If you’ve gotten to the point of being really real with women – directly telling them “Hey, you’re cute (or sexy or whatever’s true for you) – but your interactions still seem to go nowhere or die soon after, you may actually be throwing the compliment away with your energy during or right after you say what you have to say. 

Editor’s Note: This post was originally published in May 2019.

The first question is whether you’re actually in the tension when you say the compliment, or are you rushing through the tension of what you’re saying and your connection with her to get it over with? (Not attractive or sexy.) Are you really feeling the words, feeling your attraction, turn-on, and curiosity for her? Are you feeling into her and her emotions as you hold eye contact? These are some of the keys to making an impact with your words that I’ve written about in more detail before. 

You also want to make sure you’re not being apologetic or fearful – like a scared puppy – in the way you compliment women. You’ve got to give yourself permission and show her you actually want to talk to her more than you want to run away from her. 

If you’re doing some of the above things and you’ve got some of that buttery, flirty energy going when you compliment girls but things fall apart soon (or immediately) after, there’s something else I see a lot of men do that kills the impact they just made and their connection with the woman.

They’ll do a great job delivering the compliment in a connected, tension-filled, very attractive way, and the girl loves it. She’s instantly intrigued or attracted or even starting to get turned on. It might even be a little version of what I like to call a “movie moment.”

But then they immediately go into their heads to think or worry, laugh, or they’ll just pull away and out of the tension some other way. 

It kills what you just created with her. It’s another version of running from the tension. And if you’ve been following our content for any length of time, you know tension is absolutely key to flirting and creating and maintaining connections that don’t end up in the Friend Zone. 

So start to notice if you’re doing any version of this, and then begin to work on catching it and staying in there. Stay in the tension of the moment with her! That’s sexual tension which is where “chemistry” comes from. Let it marinate a little. Or a lot. Silence can be powerful the more you learn to embrace it and get comfortable with it. 

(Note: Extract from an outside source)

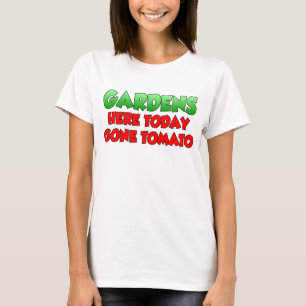 Camiseta Jardins Hoje Ficaram Tomate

This doesn’t mean you can’t move on to other things conversationally – even “boring” questions that many dating experts and coaches will tell you to avoid like the plague. You just need to maintain that buttery, sexual, flirty, open energy with her and not be energetically pulling  away or walling off from the tension and connection. 

Then, even “So where are you from?” can take on a completely different, flirty, chemistry-filled feel.